The other reason for Sony's stance, according to Severin, is that it simply doesn't have as much to gain by opening its doors. With Xbox selling less units, Microsoft is much more interested in offering more populated game lobbies, and opening cross-platform with PC and other platforms is one way of doing this.

"Cross-platform gaming can improve this experience for Xbox users and help close the gap. This makes it convenient for Xbox to push the cross-platform narrative and spotlight the resilient Sony in the process, in a bid to capture some market share from disgruntled fans," explained Severin, writing for MCVUK.

The analyst also casts doubt on the - often cited - notion that gamers care about being able to play the games they love with their real-world friends on different platforms.

"Gaming network friendships are often formed between people who don’t know each other in real life," says Severin.

"The more online-multiplayer-centric gaming becomes, the more players will need ‘friends’ in their network to enjoy the experience fully.

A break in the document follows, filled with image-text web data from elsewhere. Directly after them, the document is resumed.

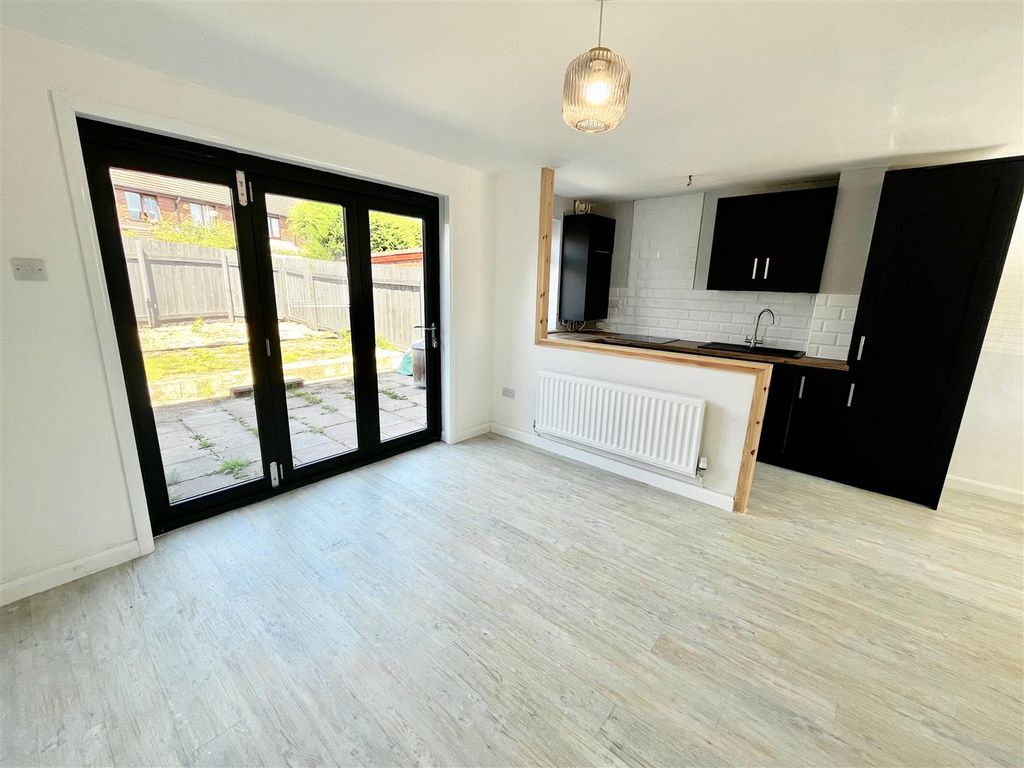 Property photo 3 of 7 Lounge/Kitchen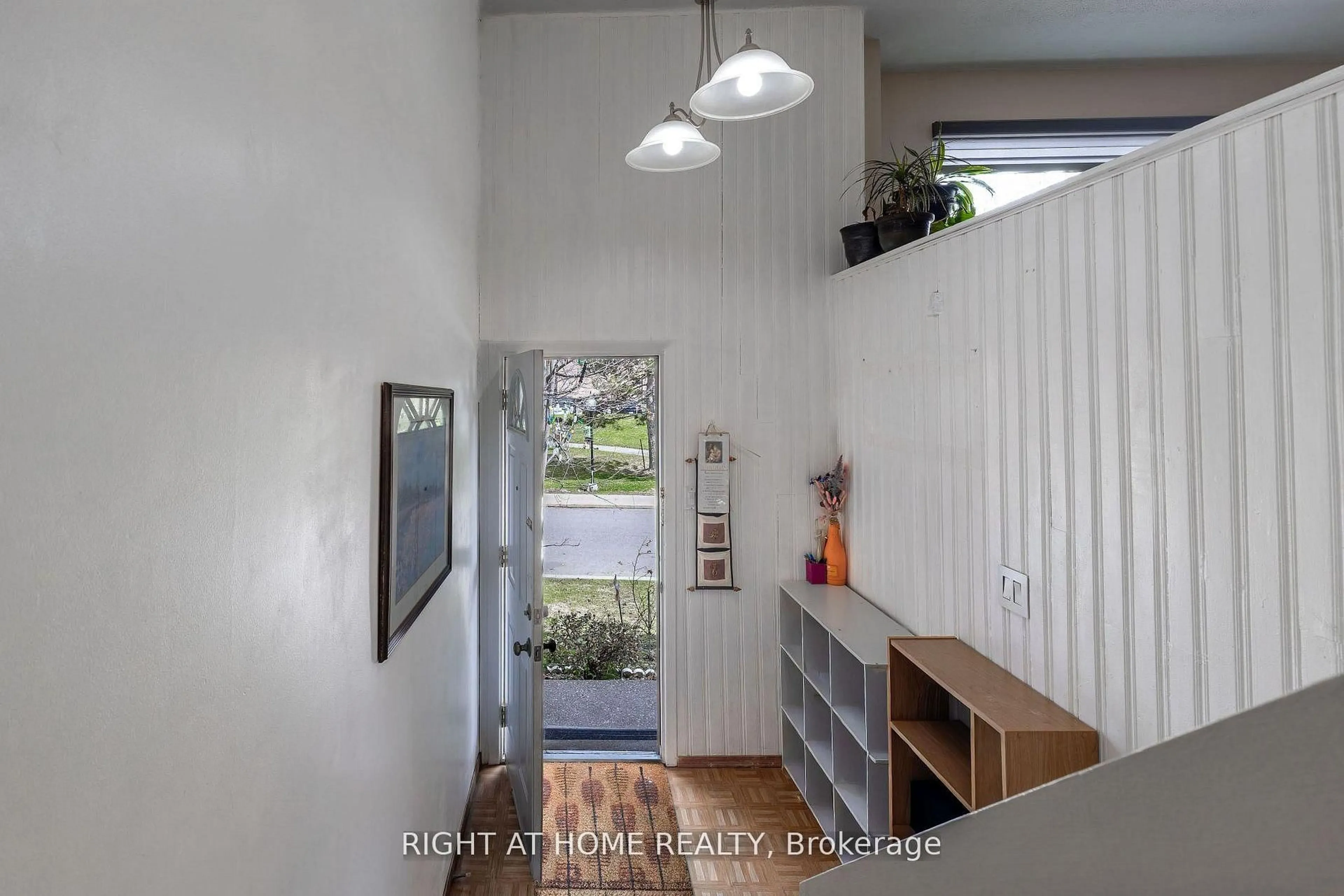 Indoor entryway for 1221 Dundix Rd #56, Mississauga Ontario L4Y 3Y9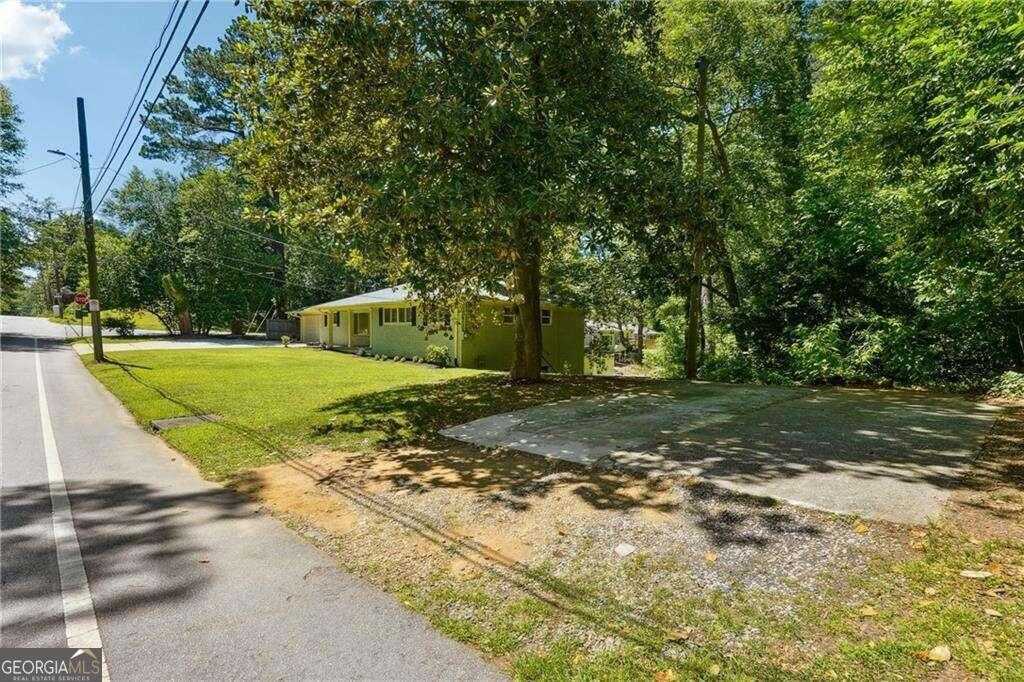 photo 3: 1192 EASTRIDGE Road SW, Atlanta GA 30311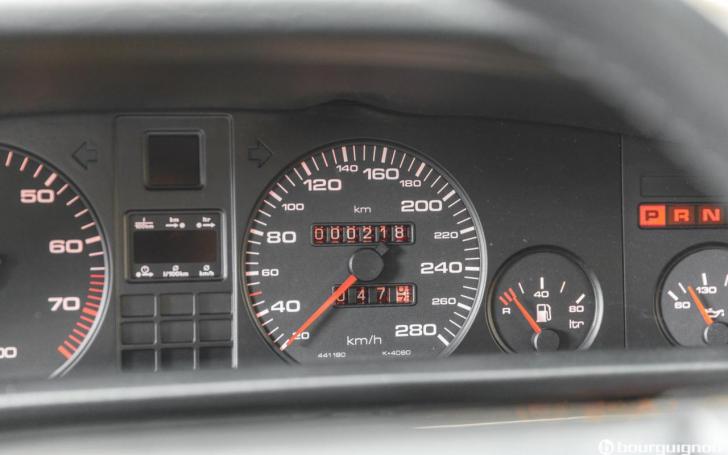 Audi V8/Bourguignon Classics nuotrauka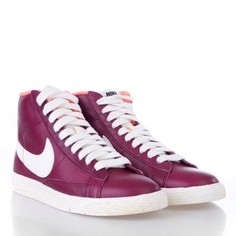 Кроссовки Nike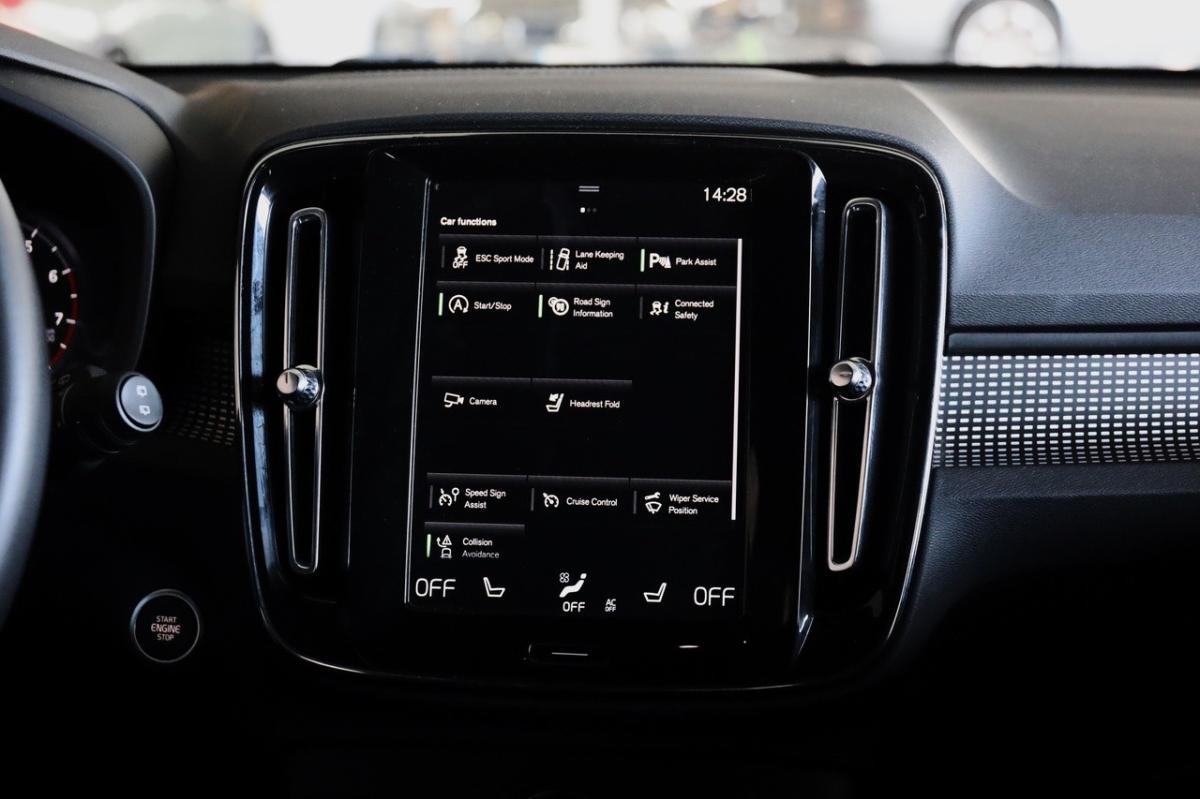 volvo-xc40-2024-gasolina-1477cc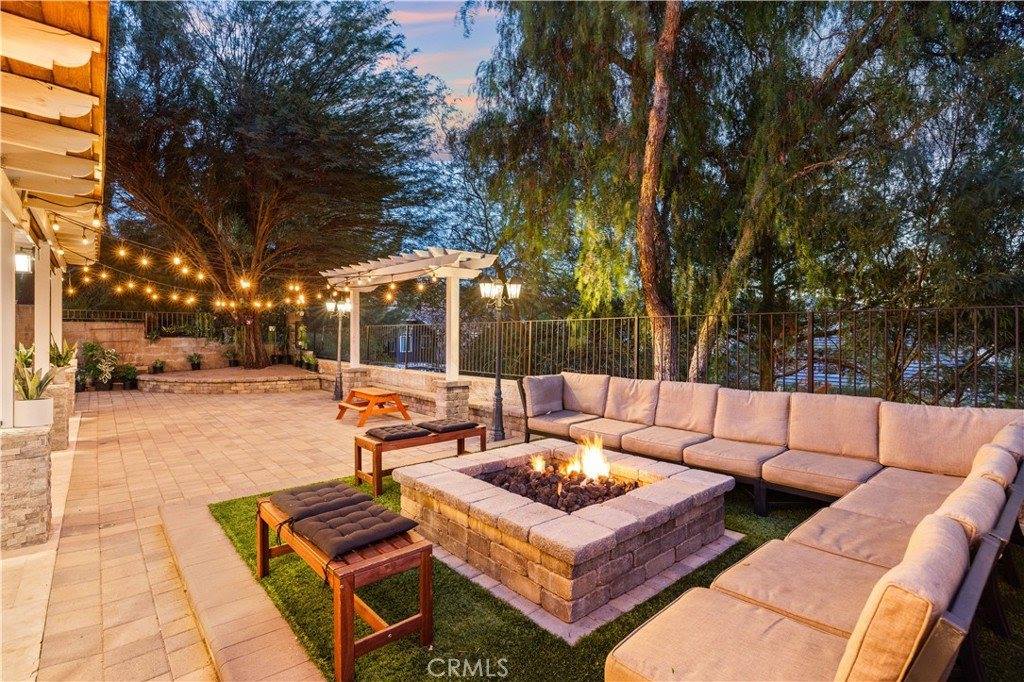 14378 Cascade Court, Canyon Country, CA 91387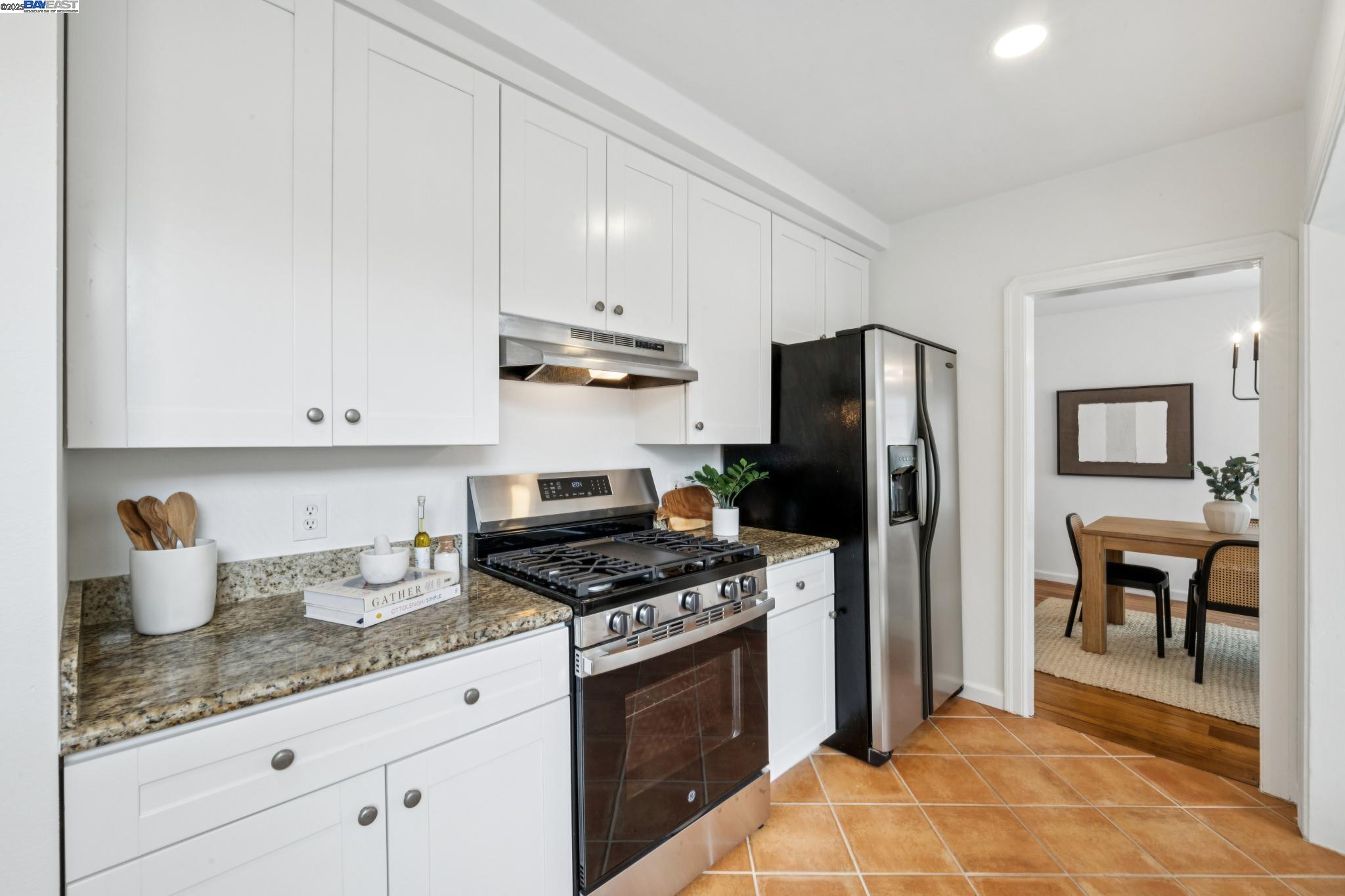 Detail Gallery Image 18 of 40 For 3764 35th Avenue, Oakland,  CA 94619 - 2 Beds | 1 Baths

Real-life friend networks are not large enough to ensure that there will be real-life friends available whenever a gamer wants to engage in a session and needs help."

While it would be nice for everyone to be able to play together, realistically, as the analyst puts it, you'd still need more online friends, which you'll be making with players on the same platform anyway.

There's also the fact that even though many are not happy with Sony right now, hardly anyone will want to ditch the friends list and games they've accumulated on PlayStation and switch to Xbox.

"Others [consumers] will take a deep breath, weigh out the pros and cons and if they care about their game progress and player network more than playing with real-life friends (which high-spending hardcore gamers do), then the smarter choice may be to stay loyal."